Unit Tests

Posted on Tue 19 April 2016 in TDDA

In the last post, we presented some code for implementing a "reference" test for the code for extracting CSV files from the XML dump that the Apple Health app on iOS can produce.

We will now expand that test with a few other, smaller and more conventional unit tests. Each unit test focuses on a smaller block of functionality.

The Test Code

As before, you can get the code from Github with

$ git clone https://github.com/tdda/applehealthdata.git

or if you have pulled it previously, with

$ git pull

This version of the code is tagged with v1.2, so if it has been updated by the time you read this, get that version with

$ git checkout v1.2

Here is the updated test code.

# -*- coding: utf-8 -*-
"""
testapplehealthdata.py: tests for the applehealthdata.py

Copyright (c) 2016 Nicholas J. Radcliffe
Licence: MIT
"""
from __future__ import absolute_import
from __future__ import division
from __future__ import print_function
from __future__ import unicode_literals

import os
import re
import shutil
import sys
import unittest

from collections import Counter


from applehealthdata import (HealthDataExtractor,
                             format_freqs, format_value,
                             abbreviate, encode)

CLEAN_UP = True
VERBOSE = False


def get_base_dir():
    """
    Return the directory containing this test file,
    which will (normally) be the applyhealthdata directory
    also containing the testdata dir.
    """
    return os.path.split(os.path.abspath(__file__))[0]


def get_testdata_dir():
    """Return the full path to the testdata directory"""
    return os.path.join(get_base_dir(), 'testdata')


def get_tmp_dir():
    """Return the full path to the tmp directory"""
    return os.path.join(get_base_dir(), 'tmp')


def remove_any_tmp_dir():
    """
    Remove the temporary directory if it exists.
    Returns its location either way.
    """
    tmp_dir = get_tmp_dir()
    if os.path.exists(tmp_dir):
        shutil.rmtree(tmp_dir)
    return tmp_dir


def make_tmp_dir():
    """
    Remove any existing tmp directory.
    Create empty tmp direcory.
    Return the location of the tmp dir.
    """
    tmp_dir = remove_any_tmp_dir()
    os.mkdir(tmp_dir)
    return tmp_dir


def copy_test_data():
    """
    Copy the test data export6s3sample.xml from testdata directory
    to tmp directory.
    """
    tmp_dir = make_tmp_dir()
    name = 'export6s3sample.xml'
    in_xml_file = os.path.join(get_testdata_dir(), name)
    out_xml_file = os.path.join(get_tmp_dir(), name)
    shutil.copyfile(in_xml_file, out_xml_file)
    return out_xml_file


class TestAppleHealthDataExtractor(unittest.TestCase):
    @classmethod
    def tearDownClass(cls):
        """Clean up by removing the tmp directory, if it exists."""
        if CLEAN_UP:
            remove_any_tmp_dir()

    def check_file(self, filename):
        expected_output = os.path.join(get_testdata_dir(), filename)
        actual_output = os.path.join(get_tmp_dir(), filename)
        with open(expected_output) as f:
            expected = f.read()
        with open(actual_output) as f:
            actual = f.read()
        self.assertEqual(expected, actual)

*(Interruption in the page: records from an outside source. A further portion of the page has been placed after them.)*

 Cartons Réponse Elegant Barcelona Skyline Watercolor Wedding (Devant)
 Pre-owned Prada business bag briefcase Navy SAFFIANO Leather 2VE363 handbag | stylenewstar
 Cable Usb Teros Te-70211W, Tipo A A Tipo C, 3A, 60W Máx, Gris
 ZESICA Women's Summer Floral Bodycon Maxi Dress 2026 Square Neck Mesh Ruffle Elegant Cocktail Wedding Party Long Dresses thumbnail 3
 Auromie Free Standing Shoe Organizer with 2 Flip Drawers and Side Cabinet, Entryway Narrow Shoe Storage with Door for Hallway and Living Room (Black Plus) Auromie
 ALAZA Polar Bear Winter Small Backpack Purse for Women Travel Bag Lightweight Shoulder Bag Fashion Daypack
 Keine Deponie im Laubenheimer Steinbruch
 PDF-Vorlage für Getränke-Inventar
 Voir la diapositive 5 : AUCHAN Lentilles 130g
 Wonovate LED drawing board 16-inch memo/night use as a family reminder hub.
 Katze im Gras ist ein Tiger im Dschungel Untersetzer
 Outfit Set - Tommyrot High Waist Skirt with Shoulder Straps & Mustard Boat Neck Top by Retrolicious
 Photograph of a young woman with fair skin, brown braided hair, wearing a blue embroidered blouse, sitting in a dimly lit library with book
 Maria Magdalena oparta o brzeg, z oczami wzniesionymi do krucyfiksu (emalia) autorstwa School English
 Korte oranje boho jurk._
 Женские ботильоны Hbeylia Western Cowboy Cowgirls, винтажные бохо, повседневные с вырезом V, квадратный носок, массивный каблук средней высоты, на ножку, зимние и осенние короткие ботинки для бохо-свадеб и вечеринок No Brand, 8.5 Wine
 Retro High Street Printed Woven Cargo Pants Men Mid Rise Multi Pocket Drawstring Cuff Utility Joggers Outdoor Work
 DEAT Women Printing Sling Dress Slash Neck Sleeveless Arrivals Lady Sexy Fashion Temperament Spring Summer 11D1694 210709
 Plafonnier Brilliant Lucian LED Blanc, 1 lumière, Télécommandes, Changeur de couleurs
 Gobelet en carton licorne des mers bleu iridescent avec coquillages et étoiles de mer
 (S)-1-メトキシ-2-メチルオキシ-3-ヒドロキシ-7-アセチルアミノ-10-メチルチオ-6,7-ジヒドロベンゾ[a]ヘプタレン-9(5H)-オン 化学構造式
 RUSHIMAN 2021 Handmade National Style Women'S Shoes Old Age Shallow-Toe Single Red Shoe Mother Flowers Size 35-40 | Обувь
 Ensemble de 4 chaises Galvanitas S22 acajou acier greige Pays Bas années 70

    def test_tiny_reference_extraction(self):
        path = copy_test_data()
        data = HealthDataExtractor(path, verbose=VERBOSE)
        data.extract()
        self.check_file('StepCount.csv')
        self.check_file('DistanceWalkingRunning.csv')

    def test_format_freqs(self):
        counts = Counter()
        self.assertEqual(format_freqs(counts), '')
        counts['one'] += 1
        self.assertEqual(format_freqs(counts), 'one: 1')
        counts['one'] += 1
        self.assertEqual(format_freqs(counts), 'one: 2')
        counts['two'] += 1
        counts['three'] += 1
        self.assertEqual(format_freqs(counts),
                         '''one: 2
three: 1
two: 1''')

    def test_format_null_values(self):
        for dt in ('s', 'n', 'd', 'z'):
            # Note: even an illegal type, z, produces correct output for
            # null values.
            # Questionable, but we'll leave as a feature
            self.assertEqual(format_value(None, dt), '')

    def test_format_numeric_values(self):
        cases = {
            '0': '0',
            '3': '3',
            '-1': '-1',
            '2.5': '2.5',
        }
        for (k, v) in cases.items():
            self.assertEqual((k, format_value(k, 'n')), (k, v))

    def test_format_date_values(self):
        hearts = 'any string not need escaping or quoting; even this: ♥♥'
        cases = {
            '01/02/2000 12:34:56': '01/02/2000 12:34:56',
            hearts: hearts,
        }
        for (k, v) in cases.items():
            self.assertEqual((k, format_value(k, 'd')), (k, v))

    def test_format_string_values(self):
        cases = {
            'a': '"a"',
            '': '""',
            'one "2" three': r'"one \"2\" three"',
            r'1\2\3': r'"1\\2\\3"',
        }
        for (k, v) in cases.items():
            self.assertEqual((k, format_value(k, 's')), (k, v))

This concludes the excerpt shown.